→ WHAT NEEDS TO BE DONE
This task calls for copying every line of the records that includes the word "iPhone".

Crawled caption data
━━━━━━━━━━

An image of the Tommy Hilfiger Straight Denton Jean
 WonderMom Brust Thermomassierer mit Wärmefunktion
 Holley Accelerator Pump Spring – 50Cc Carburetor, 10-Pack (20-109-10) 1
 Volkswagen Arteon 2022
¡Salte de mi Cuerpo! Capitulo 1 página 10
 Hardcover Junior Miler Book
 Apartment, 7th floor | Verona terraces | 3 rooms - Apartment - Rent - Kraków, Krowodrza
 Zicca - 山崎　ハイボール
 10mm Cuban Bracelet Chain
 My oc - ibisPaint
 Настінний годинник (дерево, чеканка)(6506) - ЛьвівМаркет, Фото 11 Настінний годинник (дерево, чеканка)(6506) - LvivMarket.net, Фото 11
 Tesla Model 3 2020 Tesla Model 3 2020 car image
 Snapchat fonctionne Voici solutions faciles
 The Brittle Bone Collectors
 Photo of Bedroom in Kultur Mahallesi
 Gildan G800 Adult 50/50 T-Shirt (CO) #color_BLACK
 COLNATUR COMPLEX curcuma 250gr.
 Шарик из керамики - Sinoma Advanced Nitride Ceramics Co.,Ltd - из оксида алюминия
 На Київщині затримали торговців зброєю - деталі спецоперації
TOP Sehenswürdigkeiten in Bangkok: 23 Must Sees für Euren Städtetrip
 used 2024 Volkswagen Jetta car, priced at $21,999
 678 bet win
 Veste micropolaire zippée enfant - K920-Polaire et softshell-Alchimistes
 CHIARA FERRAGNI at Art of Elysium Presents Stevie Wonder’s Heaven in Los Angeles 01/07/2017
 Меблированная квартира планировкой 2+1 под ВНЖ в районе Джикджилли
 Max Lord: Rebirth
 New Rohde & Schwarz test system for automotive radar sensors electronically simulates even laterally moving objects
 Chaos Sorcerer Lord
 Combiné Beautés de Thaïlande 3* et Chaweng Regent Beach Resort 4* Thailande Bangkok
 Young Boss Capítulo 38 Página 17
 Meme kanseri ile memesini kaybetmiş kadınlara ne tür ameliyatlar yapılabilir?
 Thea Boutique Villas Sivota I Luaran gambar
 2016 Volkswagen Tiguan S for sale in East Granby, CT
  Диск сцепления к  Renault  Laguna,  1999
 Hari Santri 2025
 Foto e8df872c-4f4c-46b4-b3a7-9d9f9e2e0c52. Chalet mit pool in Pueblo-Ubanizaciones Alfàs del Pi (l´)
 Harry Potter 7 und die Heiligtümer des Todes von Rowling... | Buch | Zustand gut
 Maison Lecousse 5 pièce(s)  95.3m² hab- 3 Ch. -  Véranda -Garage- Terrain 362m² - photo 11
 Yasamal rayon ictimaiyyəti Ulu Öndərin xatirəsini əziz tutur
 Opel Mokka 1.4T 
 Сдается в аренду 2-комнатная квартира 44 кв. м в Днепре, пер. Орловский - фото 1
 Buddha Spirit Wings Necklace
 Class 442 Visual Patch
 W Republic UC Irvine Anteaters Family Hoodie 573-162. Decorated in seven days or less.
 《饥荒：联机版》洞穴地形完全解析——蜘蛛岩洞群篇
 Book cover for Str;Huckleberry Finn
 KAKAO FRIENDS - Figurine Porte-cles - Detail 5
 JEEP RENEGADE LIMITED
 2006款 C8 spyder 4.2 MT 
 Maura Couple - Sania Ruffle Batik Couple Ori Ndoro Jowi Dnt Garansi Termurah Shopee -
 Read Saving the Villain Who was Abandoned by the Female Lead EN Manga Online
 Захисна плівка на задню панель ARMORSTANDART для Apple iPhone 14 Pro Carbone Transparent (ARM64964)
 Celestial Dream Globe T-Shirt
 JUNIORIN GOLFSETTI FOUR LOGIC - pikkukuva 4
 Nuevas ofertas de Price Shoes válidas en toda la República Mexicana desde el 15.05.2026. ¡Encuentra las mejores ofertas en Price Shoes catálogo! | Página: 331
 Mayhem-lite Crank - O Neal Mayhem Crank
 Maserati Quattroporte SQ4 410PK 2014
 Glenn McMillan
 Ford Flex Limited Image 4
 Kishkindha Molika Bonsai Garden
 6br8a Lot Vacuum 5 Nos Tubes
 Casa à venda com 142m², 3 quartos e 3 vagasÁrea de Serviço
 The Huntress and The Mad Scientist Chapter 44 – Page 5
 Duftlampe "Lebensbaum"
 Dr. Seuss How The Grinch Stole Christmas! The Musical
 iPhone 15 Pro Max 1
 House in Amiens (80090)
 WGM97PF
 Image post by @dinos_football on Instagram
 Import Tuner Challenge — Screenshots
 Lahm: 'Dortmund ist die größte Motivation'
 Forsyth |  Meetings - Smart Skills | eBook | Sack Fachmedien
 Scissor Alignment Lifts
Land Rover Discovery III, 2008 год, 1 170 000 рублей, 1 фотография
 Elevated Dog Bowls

━━━━━━━━━━

→ COMPLETED EXERCISE
 Захисна плівка на задню панель ARMORSTANDART для Apple iPhone 14 Pro Carbone Transparent (ARM64964)
 iPhone 15 Pro Max 1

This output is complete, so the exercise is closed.